The Booker Prize-winning author of The Gathering reflects on a lifetime of reading, from Alice in Wonderland to what she learned from Toni Morrison. 

Anne Enright on the books that changed her
Photo: Stuart Simpson for Penguin 2020

I must have read Alice in Wonderland about fifty times when I was a child. There was great rereading in it. But you never quite knew what it was. That playful, eluding quality was really important to me. I loved the maths of it, among other things. It’s much more of an intellectual book than an emotional one, but you know, in a really playful way.

I was the youngest in a house of readers, and I started very early. I read everything in the children's section of the library by the time I was seven and had to get them to give me a library card for the grownups section. My Mother came from a bookish house; my father, not so much. But he himself was interested in crosswords and dictionaries and languages. Certainly, Alice belonged more to my father's kind of mindset than to hers.

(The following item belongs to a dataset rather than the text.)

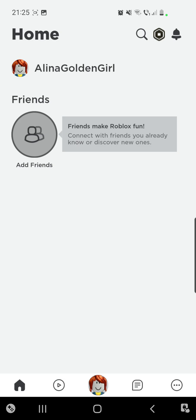As you can see here, I am on my Roblox app and the games are just not loading.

My mother was quite disappointed that I didn't love Wind in the Willows. That was interesting to me: a regret she had that I was wrong in some way. You could psychoanalyse it. I suppose the episode with Mr. Toad and the laundry woman, when he dresses up, was kind of interesting for a child, but really once it was read it was done. You got it. You never ‘got’ Alice.

Anne Enright for Penguin 2020
Photo: Stuart Simpson for Penguin 2020

'The past tense is too f**king dead to me.'

I read The Skin of a Lion by Michael Ondaatje in this horrible little terraced breezeblock room at university. It’s a very hard book to describe, but there’s an astonishing scene at the beginning with a nun who falls from a bridge and by some miracle survives. It’s set in Toronto and it’s about social history, among many other things.

It’s one of those books I read and thought: how did they do that? At the time I was becoming interested in structure and technique, and The Skin of a Lion had a big impact on my first book, The Wig My Father Wore (1995), particularly the use of the present tense.

It made me realise you didn't have to write in a linear way. I've never been able to write a book that happened only in the past tense. It's just too fucking dead to me, you know? If you know all that, why are you writing it down?